[DATA PROVIDED]

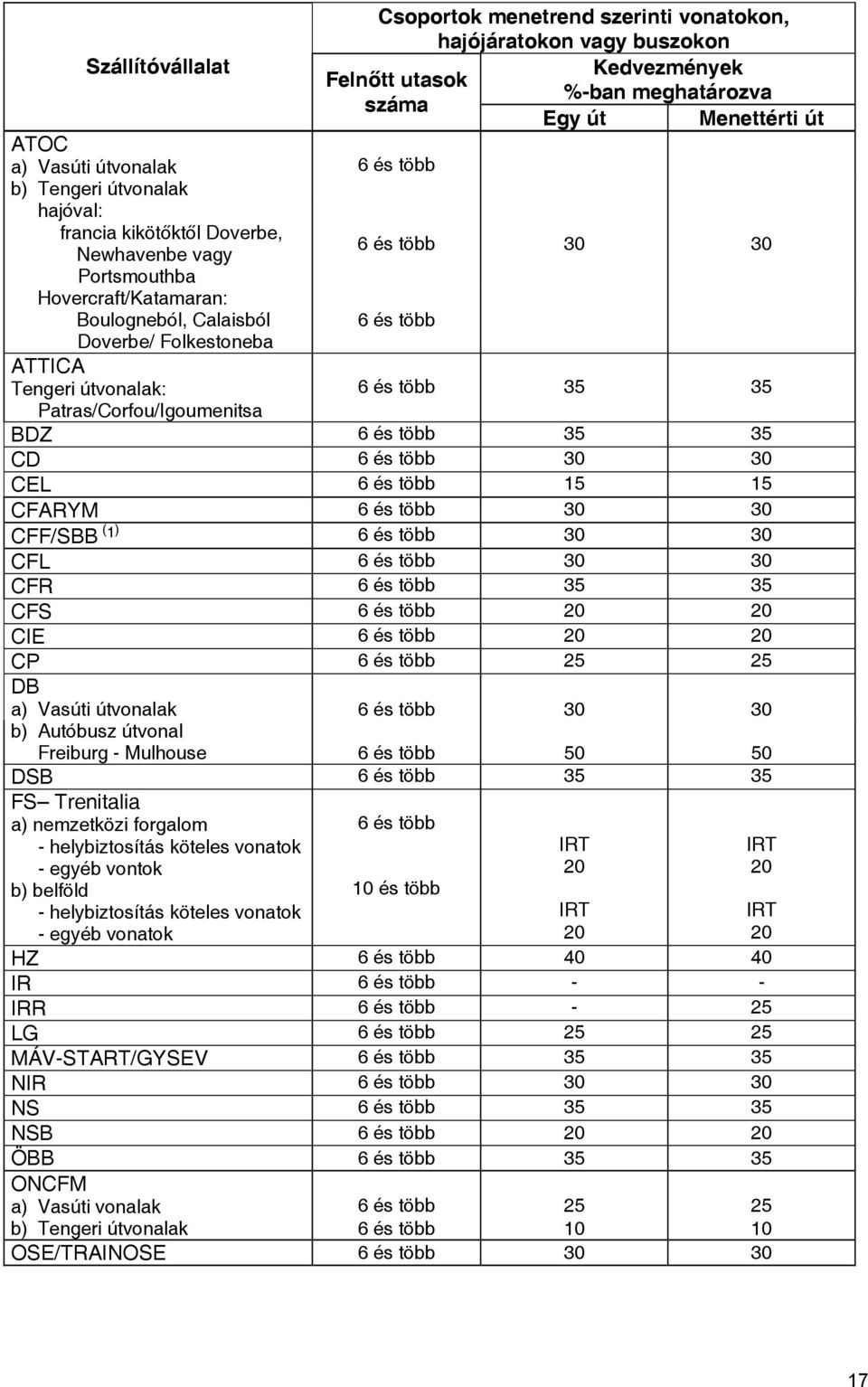 útvonalak: 6 és több 35 35 Patras/Corfou/Igoumenitsa BDZ 6 és több 35 35 CD 6 és több 30 30 CEL 6 és több 15 15 CFARYM 6 és több 30 30 CFF/SBB ( 1 ) 6 és több 30 30 CFL 6 és több 30 30 CFR 6 és több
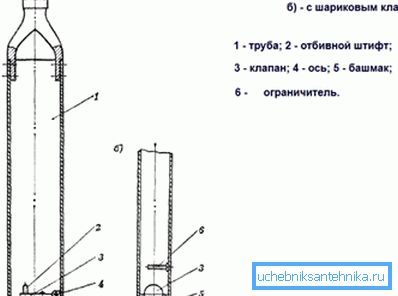 Разнавіднасці желонок.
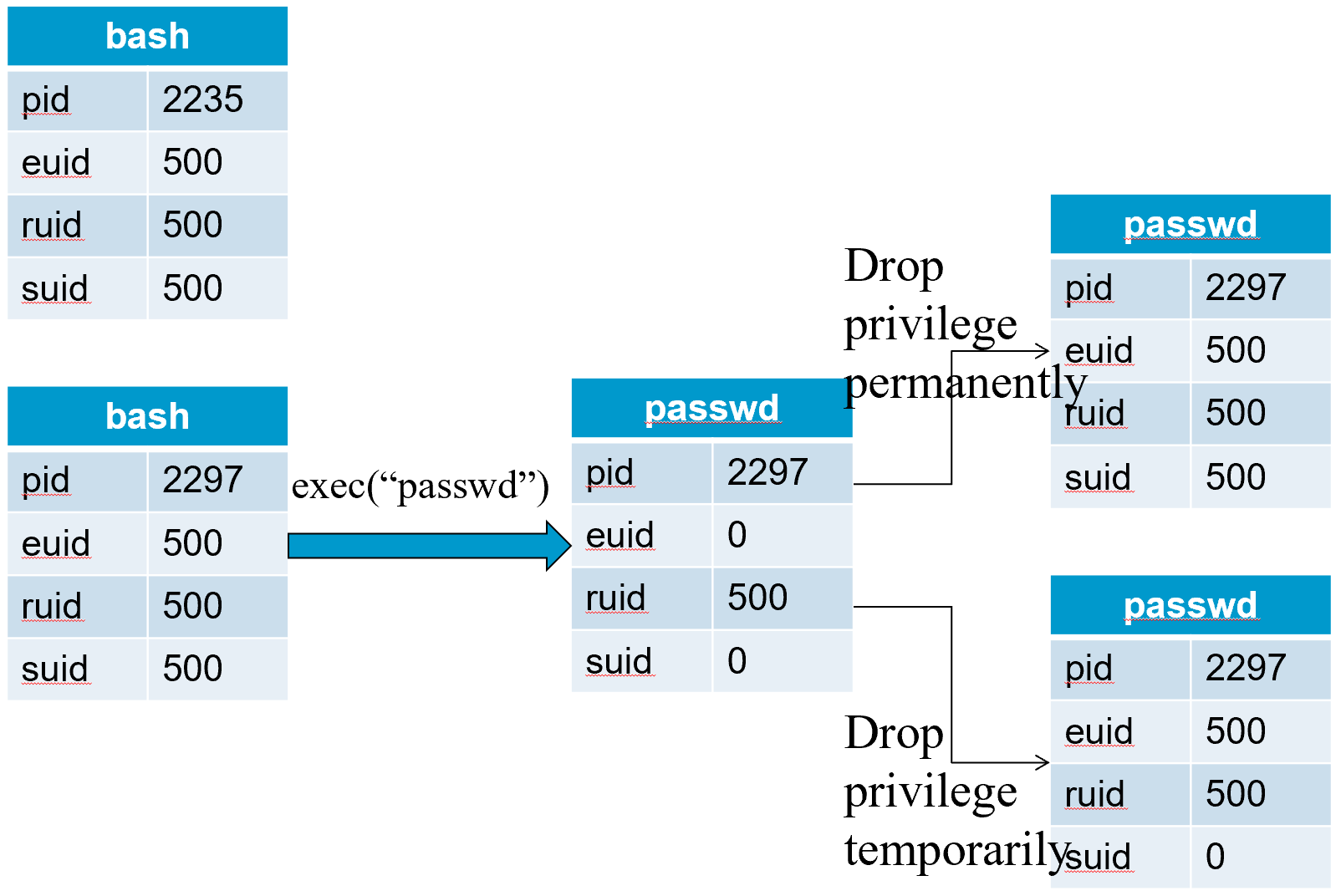 logging_in_2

[TASK PROMPT] Every line above should be copied exactly, apart from any pictures.

[TASK RESPONSE]
 útvonalak: 6 és több 35 35 Patras/Corfou/Igoumenitsa BDZ 6 és több 35 35 CD 6 és több 30 30 CEL 6 és több 15 15 CFARYM 6 és több 30 30 CFF/SBB ( 1 ) 6 és több 30 30 CFL 6 és több 30 30 CFR 6 és több
 Разнавіднасці желонок.
 logging_in_2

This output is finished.